/sova-voice-studio

SOVA Voice Studio

Primary LanguageCSSApache License 2.0Apache-2.0

SOVA Voice Studio

Voice Studio is designed to update SOVA ASR language models and SOVA TTS pronunciation dictionaries. SOVA ASR language models are compiled KenLM binaries of ARPA language models. ARPA language models are created using large text corpora and to get a decent model you have to collect, keep and update a lot of data. SOVA Voice Studio provides a solution to edit existing ARPA language models manually without an initial text corpus by adding new words or sentences to the model via web interface. The approximate frequency of occurance for each word or sentence is provided by the end user. This toolkit is handy in case you don't have the initial text corpora. SOVA TTS pronunciation dictionaries is a new feature that is used to customize the pronunciation of abbreviations, correct word stress for standalone words and short phrases, etc. SOVA Voice Studio can be used as a service to edit such dictionaries with ease and deploy them instantly to SOVA TTS.

Installation

This repository is supplied with a Dockerfile that includes all of the installation procedures. So you have to get Docker and docker-compose first (or Docker Desktop for Windows/macOS).

  • Install Docker (here's a brief instruction for Ubuntu):
$ sudo apt-get update
$ sudo apt-get install \
    apt-transport-https \
    ca-certificates \
    curl \
    gnupg-agent \
    software-properties-common
$ curl -fsSL https://download.docker.com/linux/ubuntu/gpg | sudo apt-key add -
$ sudo apt-key fingerprint 0EBFCD88
$ sudo add-apt-repository \
   "deb [arch=amd64] https://download.docker.com/linux/ubuntu \
   $(lsb_release -cs) \
   stable"
$ sudo apt-get update
$ sudo apt-get install docker-ce docker-ce-cli containerd.io
$ sudo usermod -aG docker $(whoami)

You might need to re-login in order to use docker commands without sudo.
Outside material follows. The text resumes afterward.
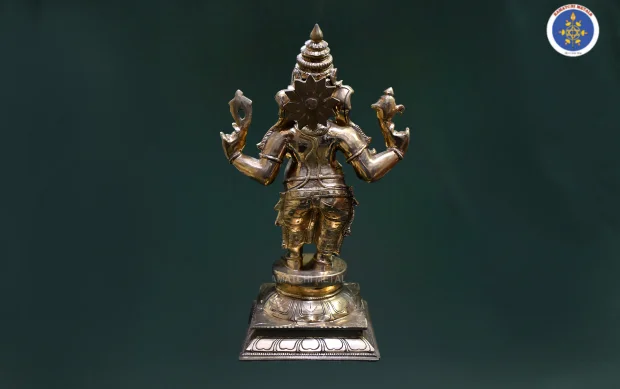 Panjalogam Ganesh Statue - Image 4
  • Install docker-compose:
$ sudo curl -L "https://github.com/docker/compose/releases/download/1.25.5/docker-compose-$(uname -s)-$(uname -m)" -o /usr/local/bin/docker-compose
$ sudo chmod +x /usr/local/bin/docker-compose
  • Deploy the repository:
$ git clone --recursive https://github.com/sovaai/sova-voice-studio.git
$ cd sova-voice-studio
  • (Optional) If you're going to use the service to update the language model for SOVA ASR - put your .arpa file to Data/ folder and set the correct path to it in config.ini (or download an existing Vosk Russian ARPA model):
$ wget http://dataset.sova.ai/SOVA-ASR/vosk.tar.gz
$ mkdir -p Data/ && tar -xvzf vosk.tar.gz -C Data/ && rm vosk.tar.gz

You can also get a small language model for testing purposes:

$ wget http://dataset.sova.ai/SOVA-ASR/vosk-small.tar.gz
$ mkdir -p Data/ && tar -xvzf vosk-small.tar.gz -C Data/ && rm vosk-small.tar.gz
  • (Optional) If you're going to use the service to update SOVA TTS pronunciation dictionaries - make sure you provide the correct SOVA TTS URL in the .env file in this repository. If you have deployed SOVA Voice Studio on the same server SOVA TTS is located and SOVA TTS is running on port 8899 - you can keep the http://localhost:8899/ URL.

  • Build docker image:

$ sudo docker-compose build

Testing

  • (Optional) If you have deployed SOVA Voice Studio on a remote server and willing to use your client device browser for web interface interaction make sure you forward ports to the server provided in .env file for correct DNS resolving or open ports if you provide FQDN or correct IP address in .env file.

  • Start the service:

$ sudo docker-compose up -d
  • Go to http://localhost:8000. You can choose whether you want to edit a SOVA ASR language model or a SOVA TTS pronunciation dictionary. Choose the model to update, add words or phrases and click the update button.

  • In order to use the updated model with SOVA ASR you have to put the generated language model .klm and lexicon .txt files to the corresponding SOVA ASR Data directory and choose those files in SOVA ASR config.ini and then restart the service. SOVA TTS is updated instantly.

Licenses

SOVA Voice Studio is licensed under Apache License 2.0 by Virtual Assistant, LLC.